First, she notes that musical genres are gendered and we tend to take feminized genres less seriously than masculinized ones. “Many publications that reviewed Adams’ version [of 1989],” for example, “did not review Swift’s original.” This may be because serious music critics don’t review pop.
Second, research shows that male creatives in the music industry are generally more likely to get credit than females ones. Frost writes:
[M]ale musicians, regardless of genre, are more likely to receive critical recognition and be “consecrated” into the popular music canon. Women are less likely to be seen as “legitimate” artists and are more often judged on their emotional authenticity and connections with “more” legitimate, male artists.
In fact, Frost notes, “the albums will be competing for a Grammy this year, and many think Adams will take it over Swift
Whatever you think of the two albums, the instinct to dismiss Swift’s album as “just pop” and Adams’ version as “artistic” is likely tied to the powerful ways in which the music industry, and our own experience of music, has a thumb on the scale in favor of men and masculine genres.
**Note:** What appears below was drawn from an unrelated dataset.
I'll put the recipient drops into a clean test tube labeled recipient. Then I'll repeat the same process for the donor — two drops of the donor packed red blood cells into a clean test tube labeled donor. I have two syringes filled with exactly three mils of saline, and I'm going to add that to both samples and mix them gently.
This post borrows heavily from Jacqui Frost at TROT! and you can find links to the original research there.Lisa Wade, PhD is an Associate Professor at Tulane University. She is the author of American Hookup, a book about college sexual culture; a textbook about gender; and a forthcoming introductory text: Terrible Magnificent Sociology. You can follow her on Twitter and Instagram.
Heywood Youbuzzoff — October 6, 2015
This post has as much rhetorical hand-waving as you average upper-level undergraduate term paper.
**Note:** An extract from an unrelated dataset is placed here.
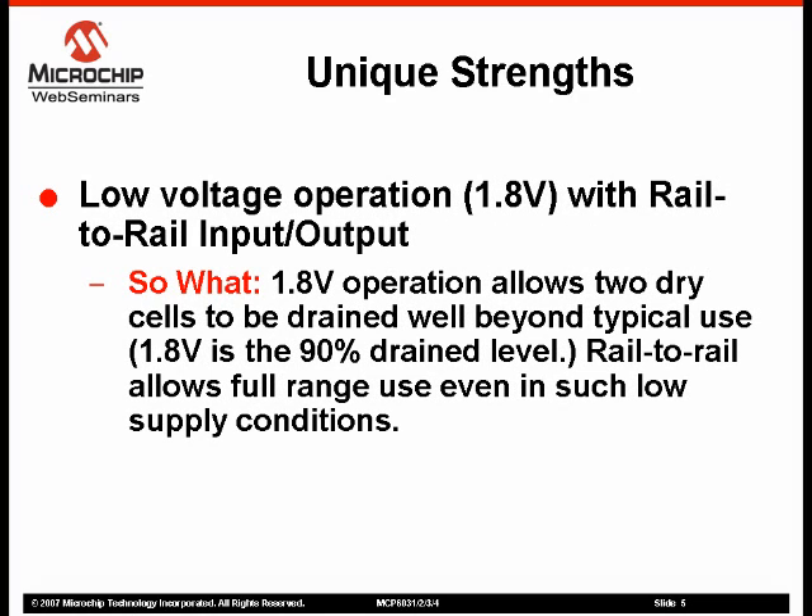As a battery cell is consumed, the voltage output begins to drop. For a 1.5 volt battery cell — whether alkaline, nickel metal hydride, nickel cadmium, or some other chemistry — when the cell is 90% utilized, the voltage will drop to 0.9 volts. By supporting an operating voltage down to 1.8 volts, the MCP603X amplifiers can run directly off of two 1.5 volt battery cells and support full cell utilization.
Many publications didn't review her album? The sum total of publications that the author points to without a review of 1989 = 1. n=1, as an argument, would be thrown out of any publication. Instead, see the critical acclaim that the album did earn:
Ryan Adams version gets similar overall scores:
Never forget the added-value of irony in this hipster generation.
No mention of Theodor Adorno and popular music?
Jamie Davies — October 6, 2015
Hmmm? I think maybe the reason this got a lot of attention is because everyone knows that Taylor Swift's album was an awesome pop album, and Ryan Adams is a sometimes soulful but often ponderous prat who covered *the entire album* and made it more lugubrious and precious than anyone could ever imagine. Yes, there's a gender dimension to the way this played out, but if Karen O or Sleater-Kinney had made a moody cover of Daft Punk's entire album Random Access Memories, the same questions of appropriation would apply. I think it would be far more interesting, however, if it turned out that Daft Punk were, in fact, Karen O and Corin Tucker in disguise.
Heywood Youbuzzoff — October 6, 2015
You can't more "serious" and over-wrought than Robert Christgau. And he gave it an A-, with this review:
"The NYC tourist jingle everybody hates on to prove they're not her
shills is my favorite thing here. Having emigrated to Manhattan myself,
albeit from Queens, I think it's silly to demand sociology from someone
who can't stroll Central Park without bodyguards. I note that even from a
limo you can tell that the "everyone" here who "was someone else
before" includes many immigrants of color. And I credit its gay-curious
moment even if she ends up with a banker like her dad. All that said,
however, there's a big difference between Swift's Manhattan and the one I
can afford only due to real estate laws as vestigial as the family
grocery that just closed up across the street, and you can hear that
difference in the music. In principle I'm down with the treated hooks
and doctored vocals with which Swift makes herself at home. Freed of
Nashville's myth of the natural, she echoes and double-tracks and backs
herself up, confides with soft-edged subtlety and fuses the breathy with
the guttural. But I have less use for the cyborg with feelings she's
playing now than for the gawky 15-year-old she created on Fearless--the
one who was a hundredth as talented and a tenth as self-possessed as the
18-year-old who imagined her, the one who gathered an audience of
country fangirls Nashville didn't know existed. That fifteen-year-old
obviously isn't much like me. But she's more like I was when I got here
than the cyborg will ever be, or most bankers either. A-"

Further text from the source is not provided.